This village on the Haryana border would be ordinary without the groundbreaking day of April 8, 1982, when the foundation of the Sutlej-Yamuna Link (SYL) canal and a long-standing river-water dispute was laid here.
Dharam Yudh Morcha, two decades of militancy, and a longstanding legal and political battle with the neighbouring state have assured non-descript Kapoori a place in Punjab’s history. After the state has denotified the land acquired for the SYL project, Kapoori, once again in news, is eager to reclaim it.
Before thousands of residents from Haryana and Rajasthan, and a few from Punjab, then prime minister Indira Gandhi had performed the groundbreaking ceremony here. The same day, the Shiromani Akali Dal had started its agitation against the project. “The village was turned into fortress. Akali stalwart Gurcharan Singh Tohra, local legislator Jasdev Singh Sandhu, and the other SAD had gathered their men at the village gurdwara. Sarpanch Joginder Singh had refused to welcome the prime minister and attend her ceremony,” said Ram Gopal Sharma (66), a witness to history.
Indira’s last stand
A bold Indira delivered her last inspiring speech: “Every drop of my blood will invigorate India and strengthen it.” “Had the sarpanch welcomed the Indira, she would had given the village a major industry. The SYL never turned into reality but we would not have a big project either,” said Sharma, remembering that Congress minister Joginderpal Pandey was in charge of the function attended by Darbara Singh and Bhajan Lal, then CMs of Punjab and Haryana, respectively.

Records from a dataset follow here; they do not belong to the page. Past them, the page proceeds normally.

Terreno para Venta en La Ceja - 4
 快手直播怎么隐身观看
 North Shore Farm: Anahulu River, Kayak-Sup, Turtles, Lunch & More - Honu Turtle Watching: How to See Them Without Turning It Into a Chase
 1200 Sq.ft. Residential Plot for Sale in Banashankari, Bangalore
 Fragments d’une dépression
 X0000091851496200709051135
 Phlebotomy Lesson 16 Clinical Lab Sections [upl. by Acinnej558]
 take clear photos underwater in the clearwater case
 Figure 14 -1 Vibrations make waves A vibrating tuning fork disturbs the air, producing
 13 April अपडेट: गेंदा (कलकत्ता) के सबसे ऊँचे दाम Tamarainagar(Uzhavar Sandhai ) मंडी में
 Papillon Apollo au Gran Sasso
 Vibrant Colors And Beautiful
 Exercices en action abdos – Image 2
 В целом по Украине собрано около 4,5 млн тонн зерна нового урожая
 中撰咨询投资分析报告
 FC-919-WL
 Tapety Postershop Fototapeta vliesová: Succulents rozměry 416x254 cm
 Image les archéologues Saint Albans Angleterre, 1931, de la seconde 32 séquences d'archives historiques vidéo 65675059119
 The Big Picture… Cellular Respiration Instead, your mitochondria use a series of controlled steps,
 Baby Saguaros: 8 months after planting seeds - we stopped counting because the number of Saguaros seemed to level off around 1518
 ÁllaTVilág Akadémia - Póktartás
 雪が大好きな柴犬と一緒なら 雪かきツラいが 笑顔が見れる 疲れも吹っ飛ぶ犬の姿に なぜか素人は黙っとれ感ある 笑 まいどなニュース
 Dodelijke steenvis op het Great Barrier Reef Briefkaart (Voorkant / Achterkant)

Akali supporter Jagjit Singh (61) said the sarpanch had taken the right decision. “He was supporter of MLA Jasdev Sandhu and Tohra, who were leading Dharam Yudh Morcha,” he said. “This canal never took shape but it changed the politics of Punjab,” said Sukhdev Singh (63), former sarpanch of Kapoori. He remembers the day Indira came here and Akali jathas from the entire Punjab gathered at Sarala Kalan to stop the canal construction. After about a year, extremist leader Jarnail Singh Bhindranwale took command of the agitation, and the rest is the history of militancy in Punjab.
Obstacle or not?
The decision to de-notify land has raised hopes at Sarala Kalan and nearby villages. The SYL was an obstacle in collecting water from the Narwana Branch Canal (which runs parallel to the SYL), and now the hindrance would be gone,” said Sarala villager Shamsher Singh, whose father has got Rs 65,000 back for 1 acre acquired for the canal.
Some of the villagers, though, want the unfinished canal to remain for irrigation within Punjab.
“Don’t give this water to Haryana. Use it for own irrigation facilities to reduce dependence on declining groundwater table,” said Ghanaur farmer Gurjant Singh.